The final song -- the title track -- closes the album as a natural bridge to the Magnolia Electric Co. disc. Molina is on the electric guitar, riffing over a quiet drum machine and then trying to close out the pain that lead to the previous eight songs, avoiding forgiveness and taking escape instead. It’s a pretty song, and, clocking in at 6:39, the album’s longest (in fact, and somewhat remarkably given Molina’s track record, it’s the only song on either of these albums that exceeds five minutes). Molina is a whiz at the long-song, and while this one doesn’t quite measure up to some of his greats, it does show a common strand with some of his Pyramid Electric Co. work. Still, like most things on this album, it’s more accessible and direct than anything that record had to offer up.

So if Let Me Go shows the quiet, pained Molina at his strongest, Fading Trails attempts to show him back in the country-rock saddle. The good news is that, for the most part, it’s a solid, tempered return. The bad news is that, at a mere 28 minutes -- the shortest of any of the Molina albums that I’m aware of -- it does end up feeling a bit unsatisfactory and inconsistent. Of course, in retrospect, What Comes After the Blues was a hell of a grower, and there’s a good chance that this album might be likewise in time, but to a certain degree it just feels incomplete.

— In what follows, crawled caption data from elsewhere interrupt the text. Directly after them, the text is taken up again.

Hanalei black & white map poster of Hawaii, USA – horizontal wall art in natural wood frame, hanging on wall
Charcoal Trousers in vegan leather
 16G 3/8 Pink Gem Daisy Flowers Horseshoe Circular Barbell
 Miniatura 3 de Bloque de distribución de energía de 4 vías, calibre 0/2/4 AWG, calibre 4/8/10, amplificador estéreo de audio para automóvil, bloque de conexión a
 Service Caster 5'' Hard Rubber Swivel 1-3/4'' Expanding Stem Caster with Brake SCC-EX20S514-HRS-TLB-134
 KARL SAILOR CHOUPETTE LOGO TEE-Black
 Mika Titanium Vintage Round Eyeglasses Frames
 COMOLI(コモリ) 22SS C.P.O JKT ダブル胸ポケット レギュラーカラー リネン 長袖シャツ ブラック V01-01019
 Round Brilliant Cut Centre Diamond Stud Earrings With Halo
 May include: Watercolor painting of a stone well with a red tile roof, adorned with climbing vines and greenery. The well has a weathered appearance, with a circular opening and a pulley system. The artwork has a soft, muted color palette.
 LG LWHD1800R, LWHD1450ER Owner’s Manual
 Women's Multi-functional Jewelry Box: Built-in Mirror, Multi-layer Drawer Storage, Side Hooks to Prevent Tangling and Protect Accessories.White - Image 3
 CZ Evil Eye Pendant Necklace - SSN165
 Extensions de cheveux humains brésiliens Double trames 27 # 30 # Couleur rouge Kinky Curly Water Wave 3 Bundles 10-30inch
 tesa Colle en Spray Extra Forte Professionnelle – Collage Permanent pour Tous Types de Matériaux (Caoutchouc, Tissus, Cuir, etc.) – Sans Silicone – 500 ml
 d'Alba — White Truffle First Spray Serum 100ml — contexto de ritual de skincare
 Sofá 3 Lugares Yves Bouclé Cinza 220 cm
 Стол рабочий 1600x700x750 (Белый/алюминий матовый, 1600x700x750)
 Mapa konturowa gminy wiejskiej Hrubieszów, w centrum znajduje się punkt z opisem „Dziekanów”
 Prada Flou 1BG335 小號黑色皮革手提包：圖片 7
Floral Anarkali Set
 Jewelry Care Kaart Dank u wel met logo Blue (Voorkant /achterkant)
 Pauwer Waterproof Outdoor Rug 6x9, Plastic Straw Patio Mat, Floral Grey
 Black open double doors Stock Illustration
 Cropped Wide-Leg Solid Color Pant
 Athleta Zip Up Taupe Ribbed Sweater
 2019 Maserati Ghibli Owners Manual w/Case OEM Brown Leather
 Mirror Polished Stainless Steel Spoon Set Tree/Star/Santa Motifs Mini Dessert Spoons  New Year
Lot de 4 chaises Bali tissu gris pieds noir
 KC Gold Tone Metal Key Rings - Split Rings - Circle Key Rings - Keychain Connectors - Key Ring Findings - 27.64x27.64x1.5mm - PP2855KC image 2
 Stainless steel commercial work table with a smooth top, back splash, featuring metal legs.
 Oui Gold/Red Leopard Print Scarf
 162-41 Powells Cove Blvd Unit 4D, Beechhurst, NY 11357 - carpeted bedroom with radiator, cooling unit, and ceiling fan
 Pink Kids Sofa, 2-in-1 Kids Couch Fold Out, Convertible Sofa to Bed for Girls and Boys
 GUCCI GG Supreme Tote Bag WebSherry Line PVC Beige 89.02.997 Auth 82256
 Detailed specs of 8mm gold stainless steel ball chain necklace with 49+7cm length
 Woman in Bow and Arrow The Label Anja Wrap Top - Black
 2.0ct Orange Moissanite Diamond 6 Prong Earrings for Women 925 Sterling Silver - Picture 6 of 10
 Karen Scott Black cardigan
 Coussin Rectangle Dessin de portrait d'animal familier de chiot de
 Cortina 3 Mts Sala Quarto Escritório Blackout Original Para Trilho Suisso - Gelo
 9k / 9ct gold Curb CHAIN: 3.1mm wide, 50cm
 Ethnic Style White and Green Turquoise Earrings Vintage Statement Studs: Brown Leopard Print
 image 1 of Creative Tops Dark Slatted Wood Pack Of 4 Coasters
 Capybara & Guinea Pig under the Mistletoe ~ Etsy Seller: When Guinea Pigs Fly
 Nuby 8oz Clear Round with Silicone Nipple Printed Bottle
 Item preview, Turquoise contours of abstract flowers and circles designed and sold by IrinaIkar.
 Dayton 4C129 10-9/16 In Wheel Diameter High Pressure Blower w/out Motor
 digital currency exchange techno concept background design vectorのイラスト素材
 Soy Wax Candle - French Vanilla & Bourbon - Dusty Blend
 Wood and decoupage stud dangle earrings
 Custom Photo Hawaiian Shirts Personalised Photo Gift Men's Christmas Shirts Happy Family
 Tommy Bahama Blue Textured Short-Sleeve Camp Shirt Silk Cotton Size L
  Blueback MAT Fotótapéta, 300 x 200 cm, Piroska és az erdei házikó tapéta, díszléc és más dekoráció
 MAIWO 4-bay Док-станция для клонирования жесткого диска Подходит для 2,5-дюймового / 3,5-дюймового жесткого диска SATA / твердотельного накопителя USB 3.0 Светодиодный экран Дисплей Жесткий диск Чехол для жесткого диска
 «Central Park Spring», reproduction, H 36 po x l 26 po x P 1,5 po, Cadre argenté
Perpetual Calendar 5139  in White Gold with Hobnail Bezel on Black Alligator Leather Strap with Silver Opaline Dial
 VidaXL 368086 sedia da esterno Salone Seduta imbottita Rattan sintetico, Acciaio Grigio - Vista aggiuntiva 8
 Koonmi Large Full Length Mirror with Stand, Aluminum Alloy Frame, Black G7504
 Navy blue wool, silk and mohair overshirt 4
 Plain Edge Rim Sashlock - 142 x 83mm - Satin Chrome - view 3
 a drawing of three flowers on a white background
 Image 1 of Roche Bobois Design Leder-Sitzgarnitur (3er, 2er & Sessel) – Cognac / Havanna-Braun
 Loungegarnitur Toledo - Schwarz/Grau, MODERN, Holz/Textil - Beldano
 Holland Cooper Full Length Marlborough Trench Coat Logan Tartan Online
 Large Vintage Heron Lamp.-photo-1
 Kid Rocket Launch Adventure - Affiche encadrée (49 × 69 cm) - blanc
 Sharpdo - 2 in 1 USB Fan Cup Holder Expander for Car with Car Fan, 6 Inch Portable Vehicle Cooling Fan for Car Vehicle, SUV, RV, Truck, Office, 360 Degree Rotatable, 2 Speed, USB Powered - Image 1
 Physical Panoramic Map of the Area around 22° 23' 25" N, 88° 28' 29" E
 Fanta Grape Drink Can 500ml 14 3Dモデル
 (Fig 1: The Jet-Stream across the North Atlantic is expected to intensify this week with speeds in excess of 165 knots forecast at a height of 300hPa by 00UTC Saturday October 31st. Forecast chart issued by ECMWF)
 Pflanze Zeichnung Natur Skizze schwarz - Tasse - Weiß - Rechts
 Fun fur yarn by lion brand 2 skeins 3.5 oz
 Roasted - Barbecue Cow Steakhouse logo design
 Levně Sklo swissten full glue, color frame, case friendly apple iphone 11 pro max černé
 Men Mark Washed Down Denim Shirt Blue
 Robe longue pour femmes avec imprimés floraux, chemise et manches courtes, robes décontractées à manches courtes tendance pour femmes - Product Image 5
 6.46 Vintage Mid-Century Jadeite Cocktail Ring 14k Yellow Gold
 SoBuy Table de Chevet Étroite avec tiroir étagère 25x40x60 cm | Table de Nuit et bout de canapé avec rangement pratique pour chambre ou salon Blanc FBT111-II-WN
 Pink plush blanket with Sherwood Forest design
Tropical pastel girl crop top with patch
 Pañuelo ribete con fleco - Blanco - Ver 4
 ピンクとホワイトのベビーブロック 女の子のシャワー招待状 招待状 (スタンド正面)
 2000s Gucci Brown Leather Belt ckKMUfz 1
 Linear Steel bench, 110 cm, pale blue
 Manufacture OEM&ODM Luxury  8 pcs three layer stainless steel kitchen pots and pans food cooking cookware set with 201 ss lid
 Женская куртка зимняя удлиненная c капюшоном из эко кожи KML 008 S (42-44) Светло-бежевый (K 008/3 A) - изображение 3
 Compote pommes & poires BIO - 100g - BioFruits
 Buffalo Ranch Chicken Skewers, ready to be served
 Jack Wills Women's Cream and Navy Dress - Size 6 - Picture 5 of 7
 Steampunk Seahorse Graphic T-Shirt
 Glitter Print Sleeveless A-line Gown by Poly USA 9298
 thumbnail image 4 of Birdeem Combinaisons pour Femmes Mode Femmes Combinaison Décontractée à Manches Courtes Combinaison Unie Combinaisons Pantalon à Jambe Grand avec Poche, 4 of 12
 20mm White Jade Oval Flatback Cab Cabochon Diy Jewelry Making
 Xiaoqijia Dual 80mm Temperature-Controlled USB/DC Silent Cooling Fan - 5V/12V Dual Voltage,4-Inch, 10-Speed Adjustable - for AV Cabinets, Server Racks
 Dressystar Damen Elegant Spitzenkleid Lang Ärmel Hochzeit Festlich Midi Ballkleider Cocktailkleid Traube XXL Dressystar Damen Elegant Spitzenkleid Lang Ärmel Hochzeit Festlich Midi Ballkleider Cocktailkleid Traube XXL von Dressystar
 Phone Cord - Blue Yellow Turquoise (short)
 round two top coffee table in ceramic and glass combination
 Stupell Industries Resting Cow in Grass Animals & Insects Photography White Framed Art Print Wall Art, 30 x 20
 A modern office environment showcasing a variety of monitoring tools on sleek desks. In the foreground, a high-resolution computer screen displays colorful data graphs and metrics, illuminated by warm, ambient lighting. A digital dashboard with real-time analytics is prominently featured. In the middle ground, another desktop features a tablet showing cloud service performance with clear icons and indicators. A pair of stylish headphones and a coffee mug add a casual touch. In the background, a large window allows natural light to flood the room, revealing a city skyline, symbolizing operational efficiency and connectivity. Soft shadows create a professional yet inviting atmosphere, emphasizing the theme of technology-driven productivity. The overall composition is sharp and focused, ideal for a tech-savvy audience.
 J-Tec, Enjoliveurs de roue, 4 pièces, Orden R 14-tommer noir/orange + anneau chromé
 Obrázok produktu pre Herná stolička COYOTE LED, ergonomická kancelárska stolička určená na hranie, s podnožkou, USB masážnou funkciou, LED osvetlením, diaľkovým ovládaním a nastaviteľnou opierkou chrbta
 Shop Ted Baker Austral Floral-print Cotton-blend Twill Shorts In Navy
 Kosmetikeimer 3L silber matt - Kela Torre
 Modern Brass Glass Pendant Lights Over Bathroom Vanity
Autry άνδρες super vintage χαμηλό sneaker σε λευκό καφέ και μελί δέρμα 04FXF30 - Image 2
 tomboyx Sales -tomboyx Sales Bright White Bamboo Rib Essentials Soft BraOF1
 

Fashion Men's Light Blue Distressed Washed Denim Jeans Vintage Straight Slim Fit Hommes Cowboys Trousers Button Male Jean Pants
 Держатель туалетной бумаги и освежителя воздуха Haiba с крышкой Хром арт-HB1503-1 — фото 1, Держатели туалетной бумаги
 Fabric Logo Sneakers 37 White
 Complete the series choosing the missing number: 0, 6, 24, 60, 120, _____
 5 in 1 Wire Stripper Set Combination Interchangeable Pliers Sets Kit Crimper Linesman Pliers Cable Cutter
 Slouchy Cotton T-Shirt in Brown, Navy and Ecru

When the band is on, the songs are as good as anything off Let Me Go. “Don’t Fade on Me” is another perfect opener, starting out with Molina as the focal point and then letting the band kick in. As a statement of purpose, it’s both a response to the ideas in the solo record and a continuation of the previous Magnolia album. Lyrically, Molina’s on fire, letting loose with the blistering, “even Christ stayed until he had run out of town / but you faded on me.” It’s a shame then that he can’t follow it up, having both “Montgomery” and “Lonesome Valley” fall flat. It’s when he goes back to the solo mold with “A Little At a Time” that he manages to really strike again, marrying his quiet musings to the slow guitar doodles and atmospheric wash of the full band. Likewise, “The Old Horizon,” which wouldn’t have felt out of place on Let Me Go, shows him just barely using the band he’s brought together here. The album’s final four songs are its finest, from tender “Memphis Moon” to the sad sense of determination of “Steady Now.”

Ultimately, though, it’s a slight album. The full-band songs rarely manage the sort of charismatic country-rock crunchiness that made What Comes After the Blues so endearing on repeated listen. On the other hand, the solo tracks can’t really match up to the almost uniformly excellent offerings on Let Me Go. Mixing them together seems to muddle the idea of Magnolia Electric Co. as a group as well, especially as Molina seems more willing now to release records under his own name. Perhaps this hints at some further permutation of the group, but as a whole one can’t help but feel a bit disappointed in the album. Still, Molina’s got a lot going for him, and he does seem to be in the midst of something of a revival, and it’s reassuring to hear him back in the swing of things, if only briefly.